The International Civil Rights Center & Museum, and iconic Landmark, is a comprehensive Civil Rights museum and an innovative social justice educational organization devoted to the understanding and advancement of civil and human rights at home and around the world. It commemorates the Feb. 1, 1960, sit-ins at a whites-only lunch counter in Greensboro, by the N.C. A&T Four students. Their non-violent direct action challenged America to make good its promises of equality and civic inclusion enunciated in the Constitution. The F.W. Woolworth's five-and-dime site, now home to the Center and Museum, is a monument to the bravery visionary young advocates of full citizenship and social justice.
THE N.C. A&T FOUR
From left to right: David Richmond, Franklin McCain, Ezell Blair, Jr. (now Jibreel Khazan) and Joseph McNeil.

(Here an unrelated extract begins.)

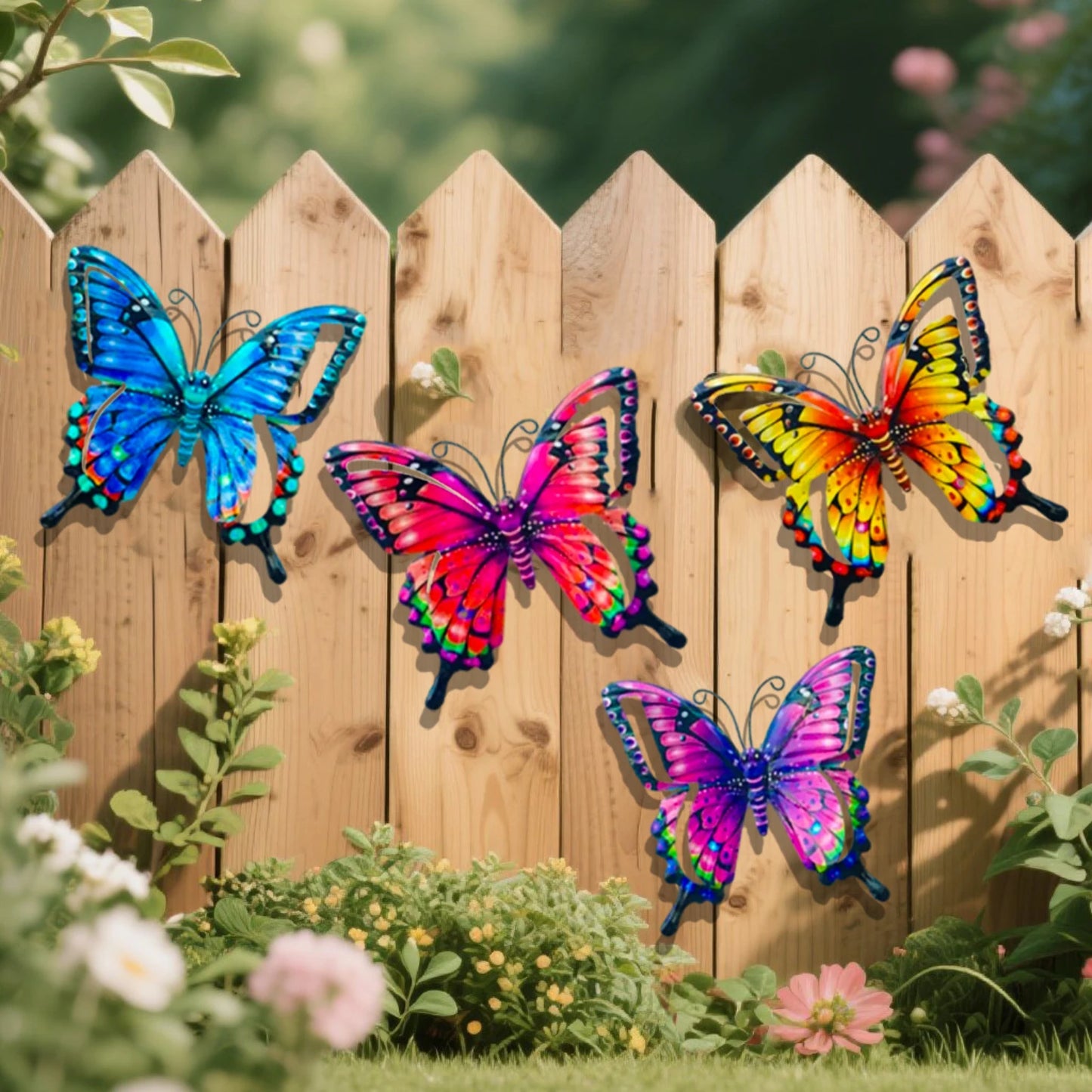 4-Piece Iron Butterfly Wall Decor | Painted Metal Garden Art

Experience our permanent galleries with virtual or on-site visits.
Explore the story of the civil rights struggle in the United States as part of the International Civil Rights Center & Museum's permanent galleries, The Battlegrounds. This engaging encounter includes captivating audio/video narratives, pictorial, artifacts, video re-enactments, and interactive components.
"And Still I Rise!"
Included in the museum's permanent galleries is And Still I Rise!, a tribute to an outstanding array of celebrated artists, athletes, entrepreneurs, and civic figures who broke racially restrictive barriers during the Jim Crow era.